In this interview with ADETUNJI AYOBROWN, Barrister Shehu Salaudeen, popularly known as ‘Kowa’ bears his mind over this and other national issues.

Both the courts and the lawyers are all right, because whatever is presented before the court is what will determine and base its decisions on. Evidences, processes and prayers that the items the court will look into and base its judgement on is before it.

Exparte order, as it is will not put the other party on notice, it is a case of approaching the court for a relief or order. By so doing, the court only considers merits or otherwise before granting such. But, if the other party feel aggrieved by not put them on notice, they too can approach another court to challenge the prayer, the motion and the order of the court. They are all right, both the lawyers and courts were all right.

The court is not a court of father Christmas or charity home; it will not award what is not prayed for. But if any of the parties felt upset about a court order; there is a clear position of the constitution that the other party has that right to challenge the court order, either to appeal or to file a similar thing. For example, if someone file an application, there will always be a court of coordinate jurisdiction, court of same power to challenge that.

The lower court cannot challenge the decision of a higher court, for instance the Court of Appeal cannot challenge the Supreme Court, while any other lower courts cannot do same to the Appeal Court. But only courts of same jurisdiction can challenge each other. The decision made by a high court does not supersede any other high courts and that is the problem and what emanated the matter.

Anyone can approach a court to seek for a relief of a right, so also, if another party still have a right, he can also approach another court.

Court of same jurisdiction has the right to challenge each other. Because by going to court of same power it is not challenging the court but testing if they have the right or not to restrain on the order. Only the Appeal Court can challenge the decision of an high court.

Though, it is an abuse of court process which should not be allowed under cases of same party for same subject matter. if two of same parties are in the court with similar prayers is like wasting the time of the court.

Courts must seriously consider what the public will say about our judicial system and arbitrary use of exparte orders, what the law says and why. If the prayer is substantial and surrounding circumstances. This will  go far to assist the judiciary in the dispensation of justice.
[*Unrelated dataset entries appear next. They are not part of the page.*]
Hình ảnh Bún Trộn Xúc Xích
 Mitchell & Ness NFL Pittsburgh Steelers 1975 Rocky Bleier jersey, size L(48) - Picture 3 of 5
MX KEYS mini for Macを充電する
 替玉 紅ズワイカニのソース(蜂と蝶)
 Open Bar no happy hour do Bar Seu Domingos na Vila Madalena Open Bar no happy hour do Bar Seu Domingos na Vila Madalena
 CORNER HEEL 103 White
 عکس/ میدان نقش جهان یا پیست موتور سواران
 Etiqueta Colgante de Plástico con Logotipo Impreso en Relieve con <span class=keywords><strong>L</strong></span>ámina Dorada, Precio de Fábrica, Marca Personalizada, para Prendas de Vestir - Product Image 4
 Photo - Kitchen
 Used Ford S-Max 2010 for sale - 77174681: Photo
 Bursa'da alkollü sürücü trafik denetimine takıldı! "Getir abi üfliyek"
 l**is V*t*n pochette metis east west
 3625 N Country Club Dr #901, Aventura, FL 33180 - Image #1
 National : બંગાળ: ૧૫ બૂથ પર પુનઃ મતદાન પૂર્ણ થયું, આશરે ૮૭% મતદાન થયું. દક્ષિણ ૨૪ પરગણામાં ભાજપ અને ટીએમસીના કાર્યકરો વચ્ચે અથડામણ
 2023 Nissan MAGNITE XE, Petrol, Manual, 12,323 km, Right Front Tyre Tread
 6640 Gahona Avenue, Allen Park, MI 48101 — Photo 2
Not all applications must be issued by the court, if that must be done, any harm to the other parties must be considered, they must be ‘somoto’, court must order the other parties to be put on notice.

In case of PDP, if truly they knew that time of its national chairman has lapsed, there is no reason he should not be in court to state why he should not be removed.

Justice is tripartite, the judiciary must address the matter as its own, for the party and the public (the masses). Court must see that this matter is tripartite.

Same system since 80s, with only slight difference which appear on its face. Our judiciary needs to be changed from what we have since all these years. Change is a must now

There must be an avenue, for instance of web where cases like that are announced for all interested parties and the general public to see.

The PDP case for example, a member suing another member while another member suing same member for the same reason is waste of time of the court.  That is one of the little fault on part of the judiciary.

So, sir what are you saying in essence?

Many like myself had expect such CJN’s action long ago before now. Nigeria political faults little of which can be levelled at the doors of the judiciary.

Laws can be tested if anyone feels any of these laws are not doing the right thing. The system of court needs to be changed because things are not static. There should be dynamism in the judiciary with better innovations. Things are subject to changes; things cannot remain same forever.

But in a situation like this, the President of the Federal High Court can harmonise, provide an avenue for such to be resolved because the court is not static. There must be an innovation, law can be tested, eve life itself is subject to changes. The court needs to be changed.